§ **Material provided**:
__________
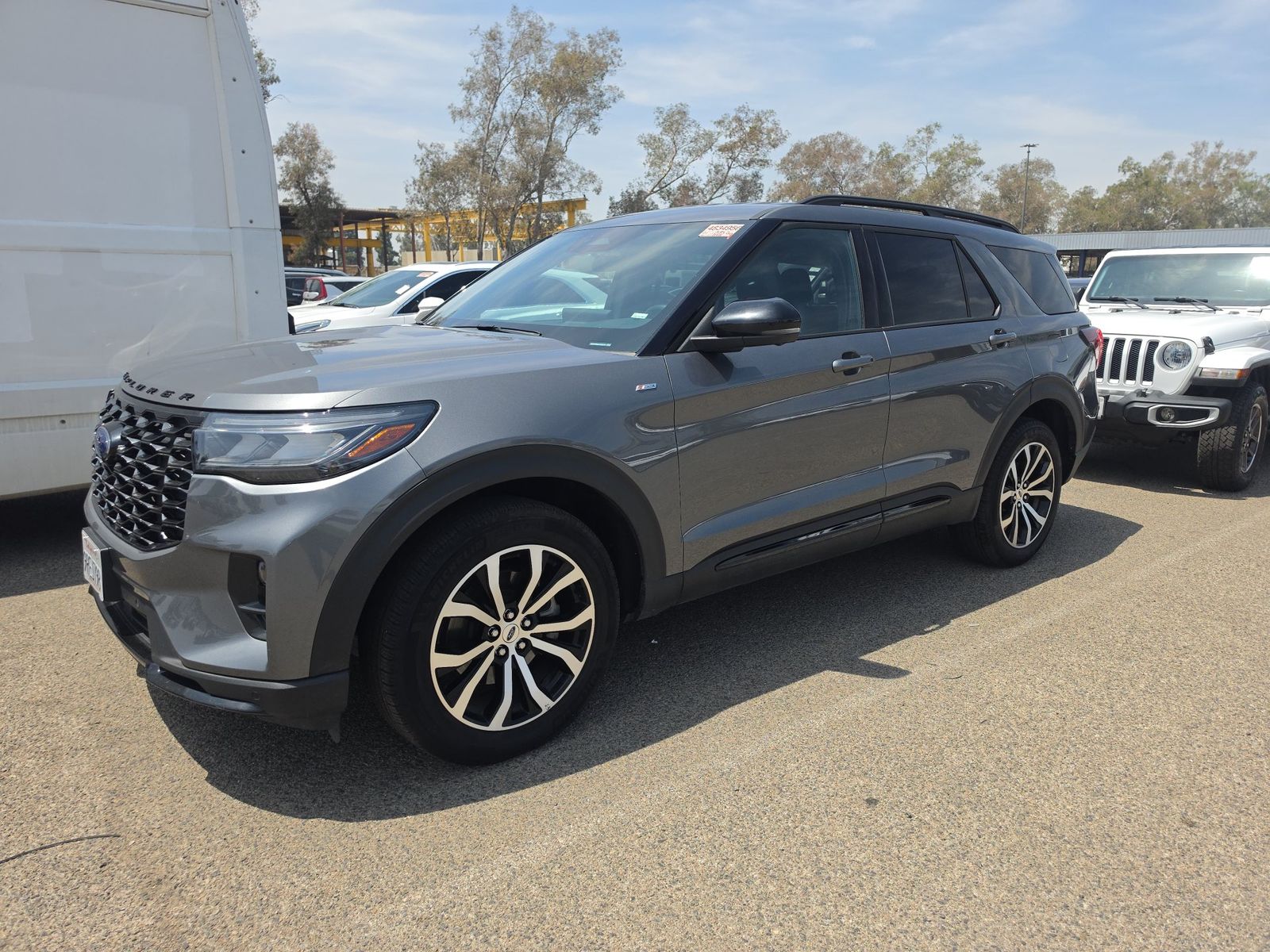 FORD EXPLORER - 1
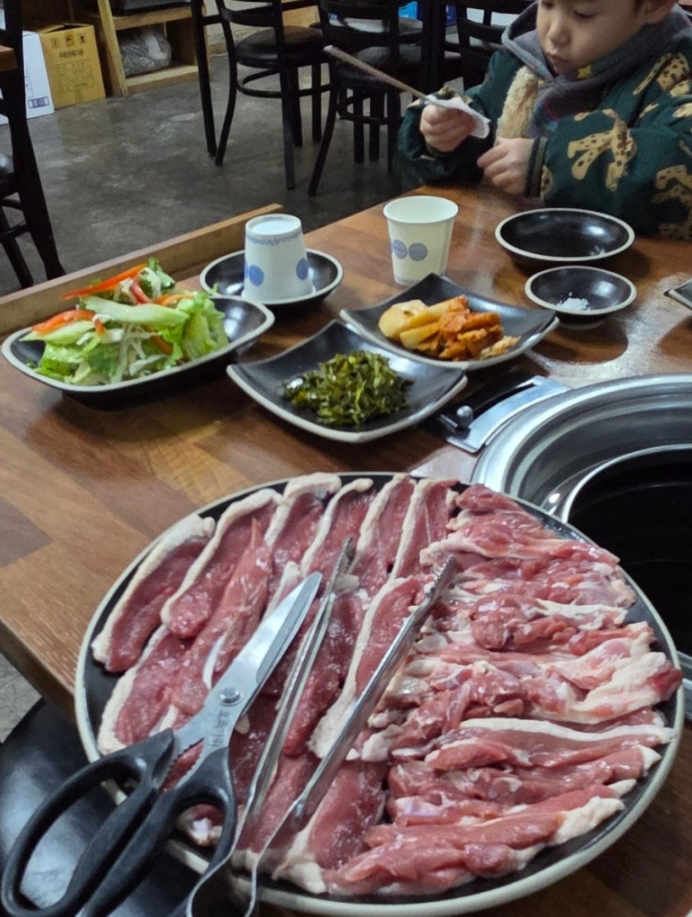5살 아이와 생오리 숯불구이 맛집 &amp;#39;큰골&amp;#39; (&amp; 평창 라마다 호텔 복층 숙박)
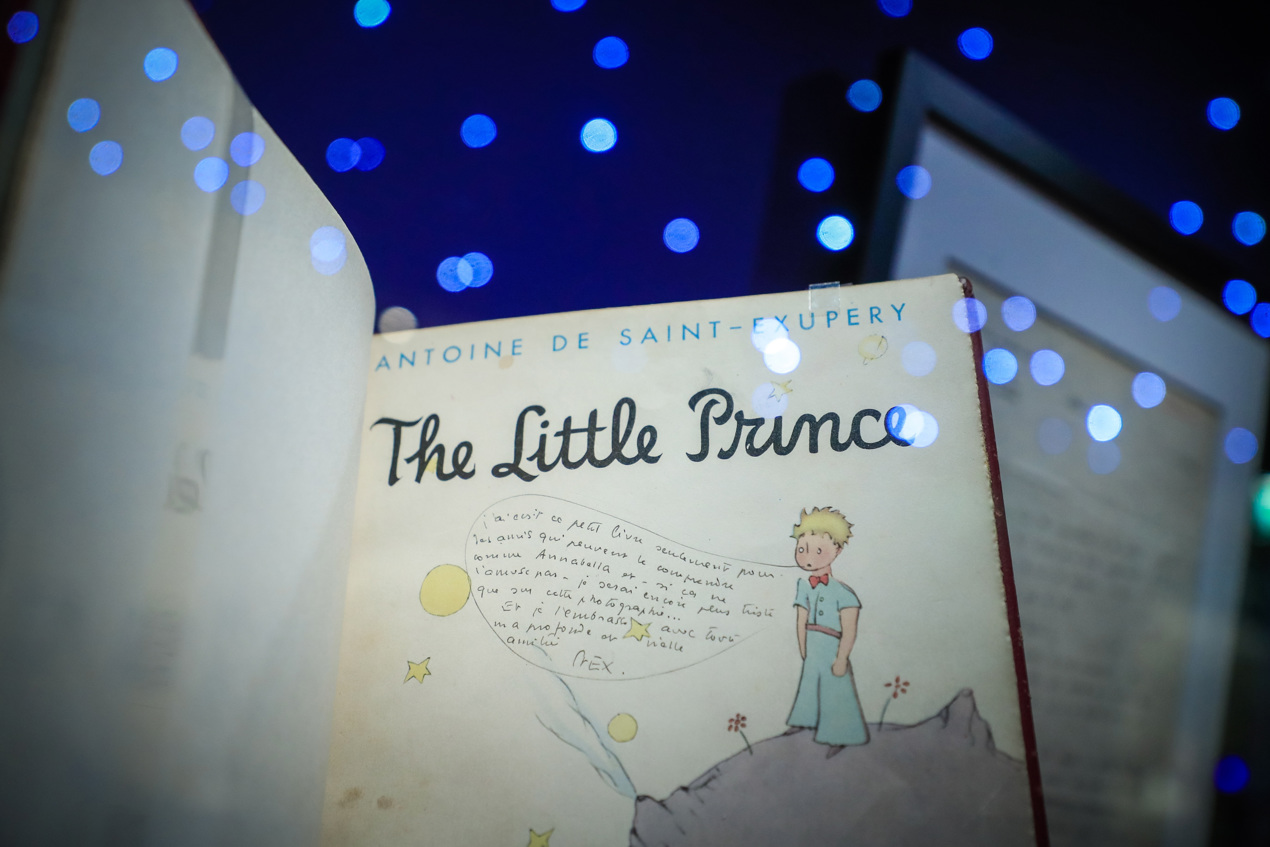 Ejemplar original en inglés de "El Principito" con una dedicatoria del autor.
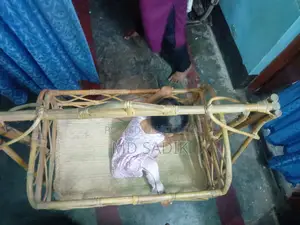 বেতের তৈরি দোলনা
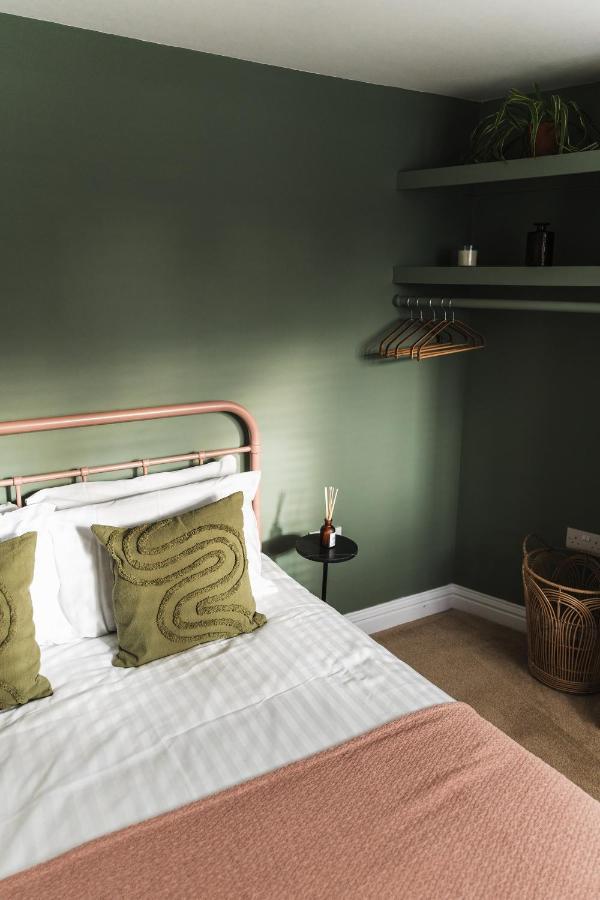 Wych Cottage, Striking 2 Bed, Parking, Ground Floor Flat - Step Free ซัมเมอร์ตัน ภายนอก รูปภาพ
__________
§ **Work item**:
The entries above should be given again exactly, minus any pictures.

§ **Output**:
 FORD EXPLORER - 1
5살 아이와 생오리 숯불구이 맛집 &amp;#39;큰골&amp;#39; (&amp; 평창 라마다 호텔 복층 숙박)
 Ejemplar original en inglés de "El Principito" con una dedicatoria del autor.
 বেতের তৈরি দোলনা
 Wych Cottage, Striking 2 Bed, Parking, Ground Floor Flat - Step Free ซัมเมอร์ตัน ภายนอก รูปภาพ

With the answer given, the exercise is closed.